The Last Post Ceremony commemorating the service of (2430) Private Leslie Moxey, 35th Battalion (Infantry), First World War

Accession Number PAFU2013/079.01
Collection type Film
Object type Last Post film
Physical description 16:9
Maker Australian War Memorial
Place made Australia: Australian Capital Territory, Canberra, Campbell
Date made 12 October 2013
Access Open
Conflict First World War, 1914-1918
Copyright Item copyright: © Australian War Memorial
Creative Commons License This item is licensed under CC BY-NC
Copying Provisions Copy provided for personal non-commercial use
Description

The Last Post Ceremony is presented in the Commemorative area of the Australian War Memorial each day. The ceremony commemorates more than 102,000 Australians who have given their lives in war and other operations and whose names are recorded on the Roll of Honour. At each ceremony the story behind one of the names on the Roll of Honour is told. Hosted by Nadrew Smith, the story for this day was on (2430) Private Leslie Moxey, 35th Battalion (Infantry), First World War.

Speech transcript

2430 Private Leslie Moxey, 35th Battalion
KIA 7 June 1917
Photograph: P09326.001

Story delivered 12 October 2013

Today, we remember and pay tribute to Private Leslie Moxey.

Leslie Moxey was born in Williamtown, north of Newcastle, New South Wales. He was working as a labourer in July 1916 when he enlisted in the Australian Imperial Force, a month before his 30th birthday. After a period of training in Australia, he was sent overseas with the 4th reinforcements to the 35th Battalion.

After a further period of training in England, Moxey joined the 35th Battalion in the field on 25 May 1917. Just two weeks after Moxey arrived, the battalion participated in the battle of Messines. After three days of heavy artillery, the Allies blew up 19 mines under the German positions on the ridge. Despite thousands of German casualties from the mine blasts, and thousands more taken prisoner, the battle raged on for another week.

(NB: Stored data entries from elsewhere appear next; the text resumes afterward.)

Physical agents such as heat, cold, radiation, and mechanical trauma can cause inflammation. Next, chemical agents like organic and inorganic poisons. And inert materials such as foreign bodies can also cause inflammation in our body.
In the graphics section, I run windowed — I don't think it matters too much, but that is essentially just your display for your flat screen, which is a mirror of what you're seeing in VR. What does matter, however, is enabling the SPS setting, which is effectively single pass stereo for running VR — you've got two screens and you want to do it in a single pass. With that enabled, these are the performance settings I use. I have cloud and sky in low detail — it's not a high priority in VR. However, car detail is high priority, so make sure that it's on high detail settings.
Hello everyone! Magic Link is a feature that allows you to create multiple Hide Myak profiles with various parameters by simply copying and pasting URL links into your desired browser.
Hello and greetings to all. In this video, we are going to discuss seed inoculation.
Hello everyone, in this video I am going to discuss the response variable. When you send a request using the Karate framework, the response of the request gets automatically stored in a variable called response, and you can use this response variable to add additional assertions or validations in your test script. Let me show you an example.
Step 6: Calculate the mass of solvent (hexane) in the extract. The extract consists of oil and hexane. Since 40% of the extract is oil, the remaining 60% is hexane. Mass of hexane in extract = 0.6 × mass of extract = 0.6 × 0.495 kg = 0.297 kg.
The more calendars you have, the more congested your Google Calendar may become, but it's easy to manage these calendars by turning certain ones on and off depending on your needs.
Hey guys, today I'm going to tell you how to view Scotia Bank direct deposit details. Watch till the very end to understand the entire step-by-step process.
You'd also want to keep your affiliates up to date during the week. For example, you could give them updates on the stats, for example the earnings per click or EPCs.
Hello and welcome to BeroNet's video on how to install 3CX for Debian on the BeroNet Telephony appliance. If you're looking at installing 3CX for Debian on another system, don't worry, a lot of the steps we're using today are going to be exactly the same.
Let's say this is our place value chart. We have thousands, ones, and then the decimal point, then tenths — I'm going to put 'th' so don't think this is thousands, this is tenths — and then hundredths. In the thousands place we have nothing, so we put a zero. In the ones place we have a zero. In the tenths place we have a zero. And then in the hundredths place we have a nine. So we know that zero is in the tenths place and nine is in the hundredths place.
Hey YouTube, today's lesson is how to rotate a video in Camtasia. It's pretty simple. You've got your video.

Private Leslie Moxey was killed in action on the first day of the operation. The manner of his death is unrecorded. He was hurriedly buried in what had been no-man's land before the attack. After the war, his grave was found and exhumed, and today he is buried in the Strand Military Cemetery, Belgium. Leslie Moxey never saw his 31st birthday.

Leslie's name was carried with pride by his nephew, and then his nephew's son. Another generation on, and Leslie's name is still a part of family tradition. He was not forgotten by those who loved him most, nor is he forgotten by the country he served.

His name is listed on the Roll of Honour on my right, along with more than 60,000 others from the First World War, and his photograph is displayed today beside the Pool of Reflection.

This is but one of the many stories of courage and sacrifice told here at the Australian War Memorial. We now remember Private Leslie Moxey, and all those Australians who have given their lives in the service of our nation.